Hello,
i am developing a Sharepoint Service Application. Within the Service, parallel worker threads are started at unpredictable times, and background loops are running for up to 30 minutes. Upon certain occurrences, i recycle the Application Pool. From then on,
no new worker threads are started, and long running loops are aborted. This works quite fine so far.

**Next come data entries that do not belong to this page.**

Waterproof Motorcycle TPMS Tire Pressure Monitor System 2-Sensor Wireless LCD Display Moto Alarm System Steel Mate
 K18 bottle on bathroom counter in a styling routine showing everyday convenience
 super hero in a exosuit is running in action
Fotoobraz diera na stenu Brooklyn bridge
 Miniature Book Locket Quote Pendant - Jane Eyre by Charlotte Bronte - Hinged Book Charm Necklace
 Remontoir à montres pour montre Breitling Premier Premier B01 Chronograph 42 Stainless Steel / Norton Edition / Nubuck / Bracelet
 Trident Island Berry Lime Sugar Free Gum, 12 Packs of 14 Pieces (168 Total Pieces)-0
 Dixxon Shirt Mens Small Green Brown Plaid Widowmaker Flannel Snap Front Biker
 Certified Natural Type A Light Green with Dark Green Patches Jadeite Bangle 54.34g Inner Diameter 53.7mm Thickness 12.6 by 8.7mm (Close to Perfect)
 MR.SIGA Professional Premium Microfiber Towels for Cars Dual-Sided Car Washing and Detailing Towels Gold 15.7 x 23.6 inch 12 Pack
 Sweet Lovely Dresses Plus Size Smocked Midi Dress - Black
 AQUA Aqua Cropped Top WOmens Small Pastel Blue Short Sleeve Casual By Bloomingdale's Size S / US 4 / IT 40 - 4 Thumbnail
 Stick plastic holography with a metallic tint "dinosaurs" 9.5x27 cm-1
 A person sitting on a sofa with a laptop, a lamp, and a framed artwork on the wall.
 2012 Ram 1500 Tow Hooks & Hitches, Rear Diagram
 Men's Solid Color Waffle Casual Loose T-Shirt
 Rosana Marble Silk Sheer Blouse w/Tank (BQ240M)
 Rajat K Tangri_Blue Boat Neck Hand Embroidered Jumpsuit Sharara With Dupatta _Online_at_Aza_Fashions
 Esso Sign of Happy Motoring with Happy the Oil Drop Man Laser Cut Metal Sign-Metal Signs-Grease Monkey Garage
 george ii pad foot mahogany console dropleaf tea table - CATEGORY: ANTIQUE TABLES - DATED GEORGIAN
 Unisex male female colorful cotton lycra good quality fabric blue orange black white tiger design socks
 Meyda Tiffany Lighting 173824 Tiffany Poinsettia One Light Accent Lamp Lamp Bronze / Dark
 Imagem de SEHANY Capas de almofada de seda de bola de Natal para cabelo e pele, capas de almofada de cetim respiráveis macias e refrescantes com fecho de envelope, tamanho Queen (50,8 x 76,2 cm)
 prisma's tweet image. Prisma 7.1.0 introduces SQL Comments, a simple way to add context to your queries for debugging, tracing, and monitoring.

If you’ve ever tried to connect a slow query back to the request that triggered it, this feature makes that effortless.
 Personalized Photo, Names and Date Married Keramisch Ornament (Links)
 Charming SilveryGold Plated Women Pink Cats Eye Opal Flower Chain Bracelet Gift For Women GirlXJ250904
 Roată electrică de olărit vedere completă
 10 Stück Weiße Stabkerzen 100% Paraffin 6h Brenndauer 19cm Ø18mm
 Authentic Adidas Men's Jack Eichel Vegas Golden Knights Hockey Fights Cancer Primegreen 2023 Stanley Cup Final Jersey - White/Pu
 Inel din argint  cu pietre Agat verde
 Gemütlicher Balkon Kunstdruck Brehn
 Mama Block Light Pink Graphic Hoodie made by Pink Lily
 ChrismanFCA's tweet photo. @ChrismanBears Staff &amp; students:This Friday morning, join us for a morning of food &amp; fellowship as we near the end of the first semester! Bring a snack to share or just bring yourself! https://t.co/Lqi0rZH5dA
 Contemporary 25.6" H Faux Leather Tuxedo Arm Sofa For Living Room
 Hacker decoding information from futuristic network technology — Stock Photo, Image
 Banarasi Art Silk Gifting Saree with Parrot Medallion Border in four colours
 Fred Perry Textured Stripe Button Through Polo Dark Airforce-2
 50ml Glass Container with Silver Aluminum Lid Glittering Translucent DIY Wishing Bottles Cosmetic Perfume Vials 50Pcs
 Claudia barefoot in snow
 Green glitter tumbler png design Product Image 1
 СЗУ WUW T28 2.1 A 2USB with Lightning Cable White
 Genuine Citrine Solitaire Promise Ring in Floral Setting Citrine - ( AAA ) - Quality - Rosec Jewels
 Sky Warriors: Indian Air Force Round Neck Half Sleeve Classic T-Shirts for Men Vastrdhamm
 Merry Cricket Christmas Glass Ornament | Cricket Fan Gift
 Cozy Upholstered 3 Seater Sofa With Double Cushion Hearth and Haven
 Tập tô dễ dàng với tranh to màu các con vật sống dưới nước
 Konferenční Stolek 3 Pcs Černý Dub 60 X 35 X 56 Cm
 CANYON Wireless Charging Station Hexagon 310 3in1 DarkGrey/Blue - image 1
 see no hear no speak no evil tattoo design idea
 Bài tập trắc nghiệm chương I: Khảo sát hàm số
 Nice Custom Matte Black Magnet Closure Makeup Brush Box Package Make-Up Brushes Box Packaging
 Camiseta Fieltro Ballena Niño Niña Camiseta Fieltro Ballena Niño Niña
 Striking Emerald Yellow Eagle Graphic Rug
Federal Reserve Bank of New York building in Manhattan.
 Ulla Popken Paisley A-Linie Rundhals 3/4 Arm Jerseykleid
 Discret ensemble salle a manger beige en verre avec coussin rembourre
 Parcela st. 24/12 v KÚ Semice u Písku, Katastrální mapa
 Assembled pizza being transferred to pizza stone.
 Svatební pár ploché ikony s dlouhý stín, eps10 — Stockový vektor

On the other hand, scheduled Application Pool recycling (by IIS Manager) is not recognized within the service, and occasionally, the App Pool Recycling times out and disables the Application Pool.
i tried two ways to obtain the current Application Pool Status:
By Web Administration API:
ServerManager serverManager = new ServerManager(); ApplicationPoolCollection applicationPoolCollection = serverManager.ApplicationPools; foreach (ApplicationPool applicationPool in applicationPoolCollection) { if (applicationPool.Name == appPoolId) { State = applicationPool.State; break; } }
or by Active Directory:
string appPoolPath = "IIS://localhost/W3SVC/AppPools/" + appPoolId; DirectoryEntry appPoolEntry = new DirectoryEntry(appPoolPath); //App Pool property: AppPoolState int nState = Convert.ToInt32(appPoolEntry.Properties["AppPoolState"][0]); if ((nState & 8) != 0)// stopped { State = ObjectState.Stopped; } else if ((nState & 4) != 0)// stopping { State = ObjectState.Stopping; } else if ((nState & 2) != 0)// started { State = ObjectState.Started; } else if ((nState & 1) != 0)// starting { State = ObjectState.Starting; }
I expected that after occurrence of an application pool recycle, the state would change. Unfortunately, it didn't. I get "Started" right until the process disappears.
Anyone has an idea about how to detect an externally induced Application Pool Recycle from within the service process?